Data matching is the identification and aggregation of data records that correspond to the same real-world entity. Often data matching problems arise when aggregating datasets from different sources, but the field of data matching encompasses several different tasks that have quite different data contexts. The GraphLab Create data matching toolkit provides four tools to help you quickly accomplish the most common data matching tasks.

Record linker is the most straightforward data matching task: linking structured query records to a fixed reference set, also in tabular form.

Deduplication also works with structured datasets, but differs from record linking in that there is no fixed reference dataset. Instead, all records from the input datasets are matched to each other, with duplicate records given the same entity label (akin to a cluster label). Deduplication examples include combining records about customers who sign up for a service multiple times, or aggregating location information about businesses obtained from multiple listing services.

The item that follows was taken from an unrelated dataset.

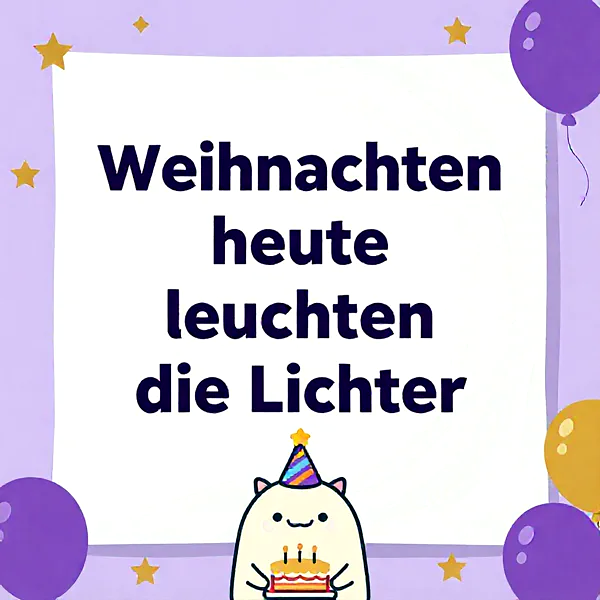 Eine niedliche Katze hält eine Geburtstagstorte, umgeben von bunten Luftballons und Sternen.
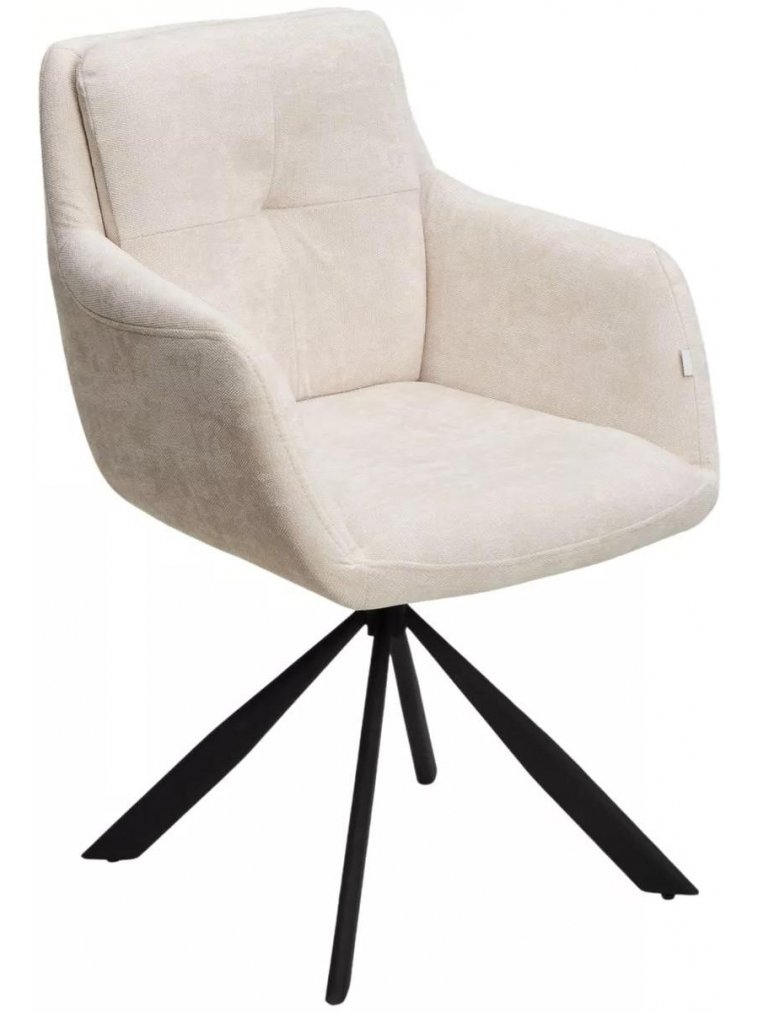 Стул на металлокаркасе Федерико Данс 180 поворотный молочный шенилл / черный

Autotagging involves matching documents to a fixed set of tags, listed and described in a tabular dataset. Examples of this include finding product names in unstructured customer reviews or blog posts, and matching unstructured merchant product offers to a product catalog.

Similarity search takes high level data objects like images, documents, or even combinations of the two, and finds similar items in a reference set of items. Typically, implementing a system to accomplish this task requires substantial domain knowledge to convert the raw data objects into numeric vectors, followed by a nearest neighbors search.